__TASK TO CARRY OUT__. If pictures appear among the lines below, leave them out while you return exactly the lines from the one with "KHAITE Calfskin Elena Black" through the one with "Meteor Frosty Thermal".
-------- DATA --------
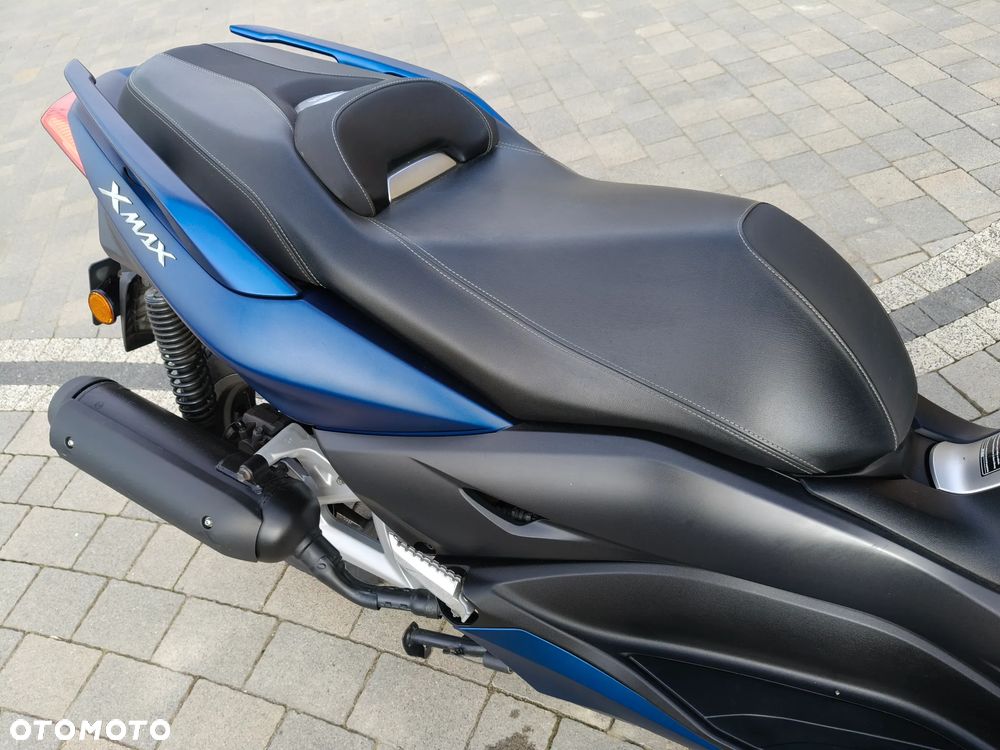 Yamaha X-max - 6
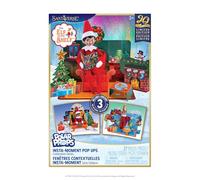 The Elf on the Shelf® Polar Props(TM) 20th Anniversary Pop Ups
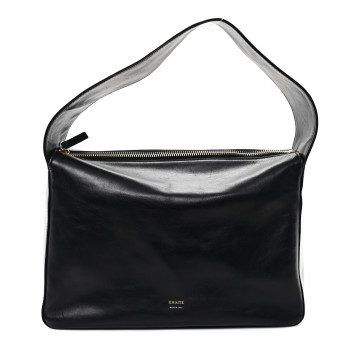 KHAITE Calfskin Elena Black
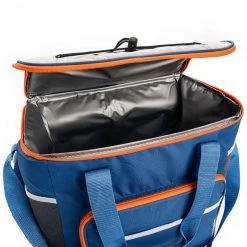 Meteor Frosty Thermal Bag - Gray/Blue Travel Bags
--------
-------- DATA --------
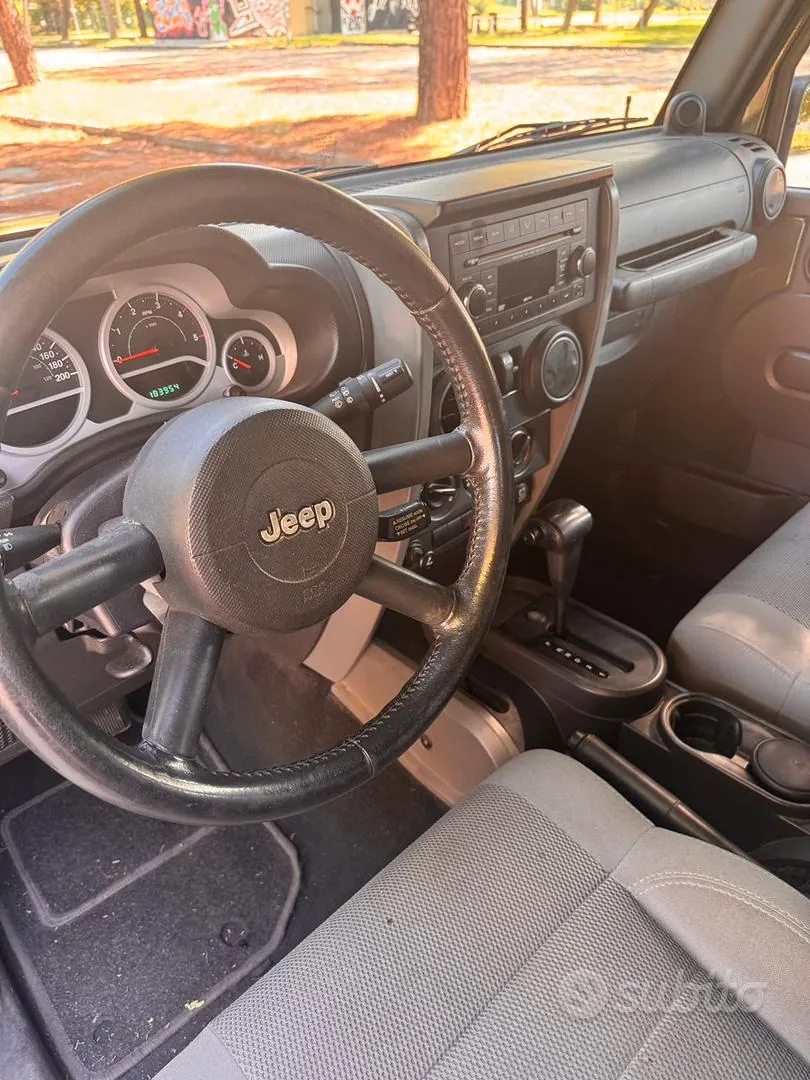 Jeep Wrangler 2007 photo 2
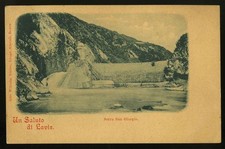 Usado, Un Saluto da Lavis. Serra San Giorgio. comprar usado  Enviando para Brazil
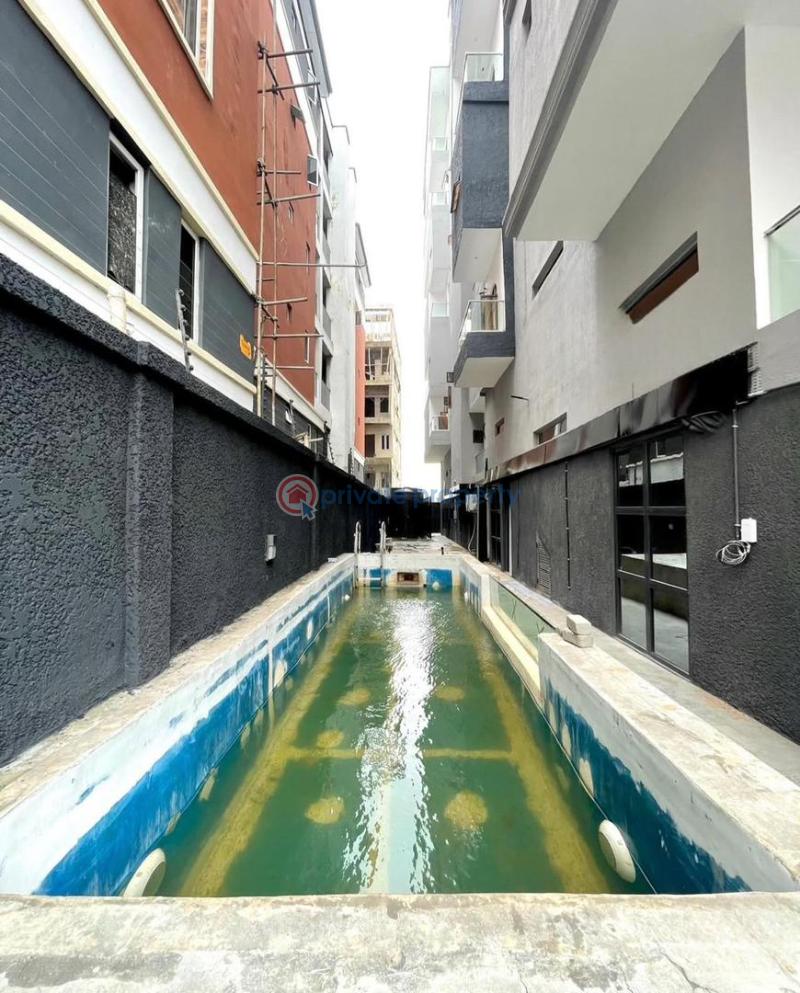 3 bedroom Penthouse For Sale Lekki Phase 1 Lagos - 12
--------
__SOLUTION FOR THIS EXERCISE__.
 KHAITE Calfskin Elena Black
 Meteor Frosty Thermal Bag - Gray/Blue Travel Bags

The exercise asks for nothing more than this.